Garry nodded as if to thank the giant of a cop before being left alone to gather his thoughts.

“What are you thinking?” Samantha asked as she sensed that Steel was thinking hard about something.

“Garry Sanchez said that he was contacted by a cop to meet him there, with reference to his missing daughter.” Steel sat back into the chair, and his black leather three-quarter length jacket creaked as it was pressed against the backrest.

“Yeah so someone lied to get him there, using the idea of meeting a cop to lure him there.” McCall was tired. It had been a long day and she just wanted to go home and relax in a hot bath.

“Yes, I get that. But how did they know he was looking for his daughter?”

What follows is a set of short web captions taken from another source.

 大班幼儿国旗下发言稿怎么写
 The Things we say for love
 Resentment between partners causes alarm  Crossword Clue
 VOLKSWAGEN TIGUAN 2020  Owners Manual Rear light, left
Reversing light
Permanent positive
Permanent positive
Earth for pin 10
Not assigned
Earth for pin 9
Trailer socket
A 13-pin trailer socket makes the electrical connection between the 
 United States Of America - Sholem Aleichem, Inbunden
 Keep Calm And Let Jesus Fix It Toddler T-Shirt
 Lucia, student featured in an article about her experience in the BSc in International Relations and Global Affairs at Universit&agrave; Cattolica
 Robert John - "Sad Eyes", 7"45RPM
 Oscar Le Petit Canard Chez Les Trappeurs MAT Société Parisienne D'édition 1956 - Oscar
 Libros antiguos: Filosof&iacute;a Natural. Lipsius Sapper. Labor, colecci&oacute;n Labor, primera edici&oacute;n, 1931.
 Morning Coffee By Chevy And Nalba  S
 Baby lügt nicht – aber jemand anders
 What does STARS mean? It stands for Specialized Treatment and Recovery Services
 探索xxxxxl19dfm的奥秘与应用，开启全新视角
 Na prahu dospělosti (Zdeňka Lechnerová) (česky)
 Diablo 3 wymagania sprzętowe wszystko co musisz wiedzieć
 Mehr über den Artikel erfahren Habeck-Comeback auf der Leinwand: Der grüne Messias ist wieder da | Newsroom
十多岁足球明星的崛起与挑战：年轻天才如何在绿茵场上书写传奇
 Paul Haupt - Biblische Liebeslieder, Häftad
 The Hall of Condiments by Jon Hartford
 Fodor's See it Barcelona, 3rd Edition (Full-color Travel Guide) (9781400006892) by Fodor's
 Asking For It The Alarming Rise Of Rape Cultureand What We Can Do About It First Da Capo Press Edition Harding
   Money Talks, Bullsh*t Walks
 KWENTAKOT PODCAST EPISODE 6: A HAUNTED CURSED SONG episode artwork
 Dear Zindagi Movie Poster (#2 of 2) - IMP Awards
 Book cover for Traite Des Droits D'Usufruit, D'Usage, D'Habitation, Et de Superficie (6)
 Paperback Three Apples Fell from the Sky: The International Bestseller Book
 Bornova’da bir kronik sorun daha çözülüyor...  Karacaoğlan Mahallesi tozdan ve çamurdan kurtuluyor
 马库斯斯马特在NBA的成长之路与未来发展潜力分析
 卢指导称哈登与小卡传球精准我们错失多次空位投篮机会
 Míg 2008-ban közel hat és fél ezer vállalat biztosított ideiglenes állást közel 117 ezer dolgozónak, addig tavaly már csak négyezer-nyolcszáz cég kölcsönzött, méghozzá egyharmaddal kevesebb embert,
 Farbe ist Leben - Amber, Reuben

McCall sat back in her chair and shook her head. Her brown hair shone as it caught the light from the ceiling lamps. “Beats me. Maybe they followed him, maybe they have his kid and that’s how they knew to set him up!” She saw the grin appear on John’s face as if he had had the same thought all along.

In a way she was relieved that he wasn’t going on the ‘dirty cop’ route, plus that made more sense. However, that led to the question of how did they know to take that particular kid? Steel looked at the white evidence board and took a sip from his cardboard cup.

“There is something wrong here and we are just not seeing it,” he commented.

McCall gave him a puzzled look as he studied the board.

“Someone is going to a lot of trouble to stop us looking into this, don’t you think?” he suggested.

She had to admit that things had been a little close of late: the meeting in the parking lot where she’d almost been killed, and then last night’s attempted ambush.

“I know one thing. The new chief of detectives wants constant updates on this,” McCall told him, nodding towards the captain’s office. They could see him waving his hands about as he spoke on the phone to someone. The two detectives had the feeling that it was the chief on the other end.

“Are the guys at the morgue?” John asked, looking over at Tooms’s desk.

McCall spun around to face in the same direction. “No, they have gone to the security guard’s apartment, hoping to find something. I think your girlfriend went as well.”